While I was doing this, my mind was back on the job I’d been doing at work the previous week - battling an Internet Explorer 7 performance problem.  We have automated performance tests which give us an indication of the load time for our application in Chrome and IE, and some time in the previous couple of weeks our IE performance had significantly degraded in the development code.  Due to a number of too-boring-to-explain-here circumstances, the last known good revision was four days and nearly 250 revisions earlier than the first revision that showed the performance problem.

Since we couldn’t see anything to indicate it was an environmental problem, the logical next step was to pinpoint the revision which caused the problem, so we could either fix it or get performance gains from somewhere else in the system.

The most obvious way to do this, given there were no obvious suspects, is with a binary search of the revisions.  Our last known good revision was 081, our first poor performing one was 240.  So the thing to do is to check revision 160, see if it falls on the poor or good performance side.

If 160 proves to be a poor performer, check revision 120….

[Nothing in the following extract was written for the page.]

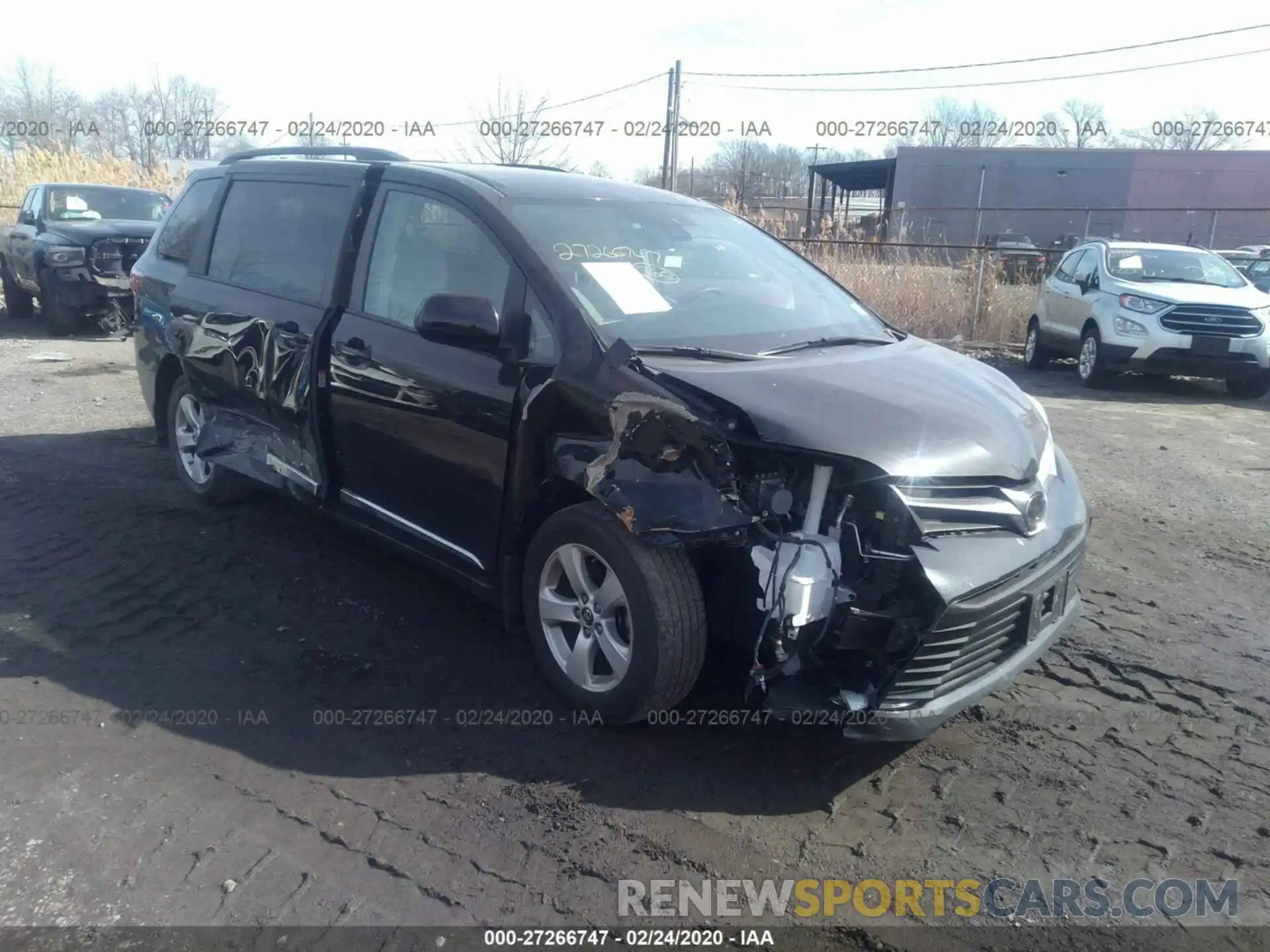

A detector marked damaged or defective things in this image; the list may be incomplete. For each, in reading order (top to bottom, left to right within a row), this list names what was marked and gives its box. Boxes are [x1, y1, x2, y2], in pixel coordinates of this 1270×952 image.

damaged black minivan [132, 147, 1090, 735]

…if 160 is fine, test revision 200…

…and keep splitting the revisions by half until you find the suspect.

So of course that’s what I want to do with my stupid Christmas lights.  I do not want to sequentially check each light bulb, that has a worst-case number-of-bulbs-tried = n, where n is the number of bulbs (probably a couple of hundred, although it felt like several thousand).  So, in computer speak, O(n).  The binary search algorithm is O(log n).  At university, this Big Oh had no context for me.  But when you’ve taken 10 minutes to get a quarter of the way through your Christmas lights, and you diagnosed your IE performance problems… well, actually it took days.  But the point is, a binary search for the missing bulb would definitely have been a Good Thing.

I know you’re dying to know if I tracked down the problem in Internet Explorer - I did.  What’s the worst case when you’re doing a binary search?  It’s when the thing you’re looking for is veeeery close to either your start point or your end point.

The revision number I was after was number 237.  Sigh.

And my Christmas tree lights?  Well, through the boredom I remembered that modern lights are in sections, so they have a sort of built-in binary search - well, limited segments will go dark if a single bulb is out - which allows you to narrow down your problem area.  Since the whole string was out, I figured something else was probably wrong.

Turned out the plug had come out of the socket.

So:
Lesson 1: Theoretical computer science does have a place when you care about how long something takes.  When it’s you feeling the pain, you’ll do anything to make it stop.

Lesson 2: When diagnosing a problem you will always biased towards what you think it is, in the face of actual evidence.  I was afraid I would have to search the whole set of lights for a blown bulb, so that’s the problem I was looking for when the lights failed.  In actual fact it was a problem with a much simpler solution.

1 - OK, “worst fear” in this very limited context only - it’s not like I lie awake at night in July afraid that one of the bulbs on my Christmas lights has blown.